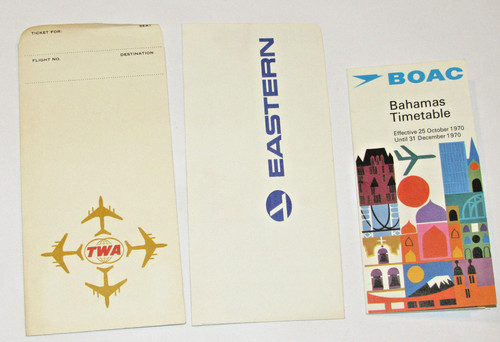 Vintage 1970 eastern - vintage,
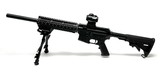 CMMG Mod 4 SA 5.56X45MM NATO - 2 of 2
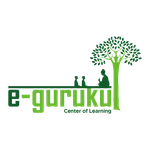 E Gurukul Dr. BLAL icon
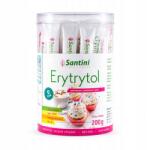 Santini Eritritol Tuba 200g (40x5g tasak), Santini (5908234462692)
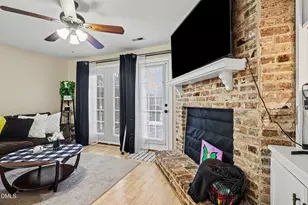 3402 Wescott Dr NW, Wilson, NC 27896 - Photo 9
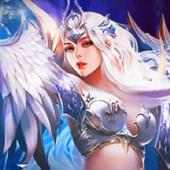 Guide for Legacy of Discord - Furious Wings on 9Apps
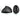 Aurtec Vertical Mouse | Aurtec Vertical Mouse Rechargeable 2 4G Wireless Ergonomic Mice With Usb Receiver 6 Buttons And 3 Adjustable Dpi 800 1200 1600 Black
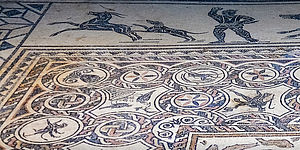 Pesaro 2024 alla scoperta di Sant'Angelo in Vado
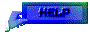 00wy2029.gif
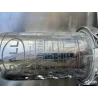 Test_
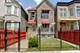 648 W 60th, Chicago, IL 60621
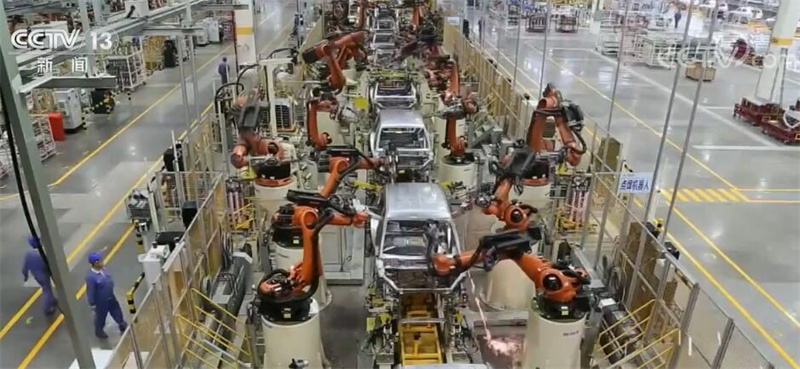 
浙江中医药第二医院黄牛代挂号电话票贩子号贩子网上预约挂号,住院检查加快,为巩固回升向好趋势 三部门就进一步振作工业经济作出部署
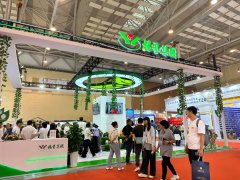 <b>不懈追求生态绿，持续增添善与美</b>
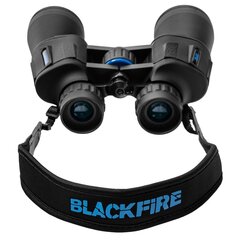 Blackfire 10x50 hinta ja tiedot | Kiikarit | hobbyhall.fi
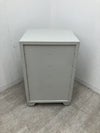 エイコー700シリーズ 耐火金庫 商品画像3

◆ ◆ ◆ ◆

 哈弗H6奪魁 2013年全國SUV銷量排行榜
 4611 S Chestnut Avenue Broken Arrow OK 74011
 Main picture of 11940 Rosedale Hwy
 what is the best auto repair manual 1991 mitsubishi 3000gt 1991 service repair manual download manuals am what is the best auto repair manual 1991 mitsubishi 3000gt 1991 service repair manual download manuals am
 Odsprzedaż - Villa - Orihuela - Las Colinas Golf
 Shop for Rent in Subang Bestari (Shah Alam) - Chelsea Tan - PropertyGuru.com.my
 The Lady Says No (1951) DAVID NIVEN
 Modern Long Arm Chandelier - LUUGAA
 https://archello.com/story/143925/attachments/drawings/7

◆ ◆ ◆ ◆

Exercise objective:
Although the records above contain pictures, the copy should not; retype exactly the lines from the one containing "<b>不懈追求生态绿，持续增添善与美</b>" through the one containing "エイコー700シリーズ 耐火金庫 商品画像3".

Written answer:
 <b>不懈追求生态绿，持续增添善与美</b>
 Blackfire 10x50 hinta ja tiedot | Kiikarit | hobbyhall.fi
 エイコー700シリーズ 耐火金庫 商品画像3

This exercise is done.